You’ll also see a lot of reports on the economic impact of the strike—up to $150 million a week—that rarely connect the dots. If workers withholding their labor have that kind of economic impact, it shows that their labor is worth what they’re asking for, which amounts to a few weeks of the reported economic impact of the strike. A strike is literally a display of how disruptive it is when workers withhold their labor in an organized way. If it’s very disruptive, it should be taken as a powerful sign that their labor is worth a great deal.
But the studios have a strategy: drag their feet on negotiations until the workers, most of whom are struggling to get by under the current contracts, can’t afford to hold out any longer. “It’s been agreed to for months, even before the WGA went out,” to hold out for months, a studio executive told Deadline before SAG-AFTRA went on strike. Another said, “The endgame is to allow things to drag on until union members start losing their apartments and losing their houses.” The studios can make that plan because despite all the whining, they and their executives have the money to wait it out, and they know that the people they pay to write and act for them do not.

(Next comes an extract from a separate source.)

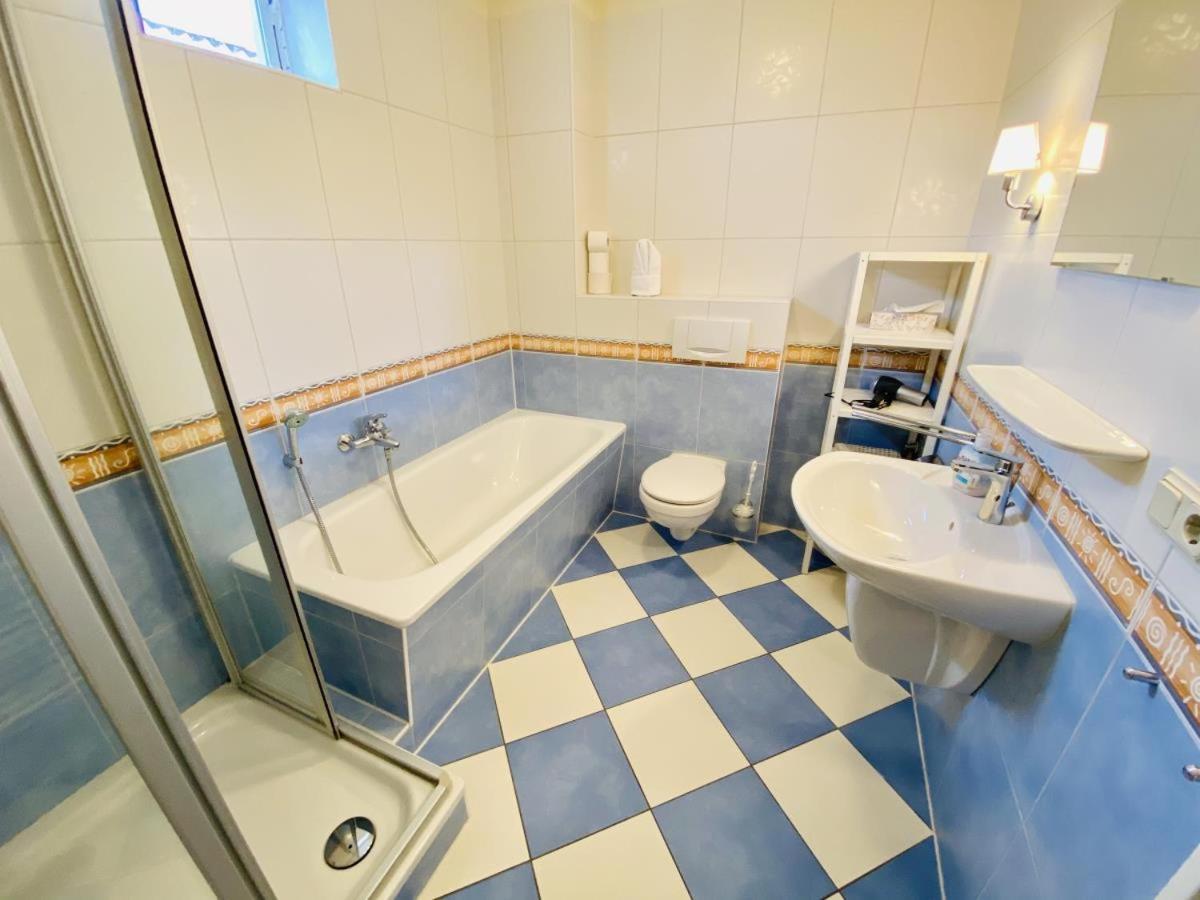 Ferienhaus Jan Rostock Extérieur photo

Members of two professions with different interests and different internal union politics can’t reach an agreement with one industry group, an industry group with highly paid executives who are anonymously admitting that the plan is to refuse to negotiate until it has impoverished workers enough to break their spirits—and maybe their union. That has to be the story everyone, from the media to people chatting in coffee shops and on text chains, understands and tells about what’s going on here.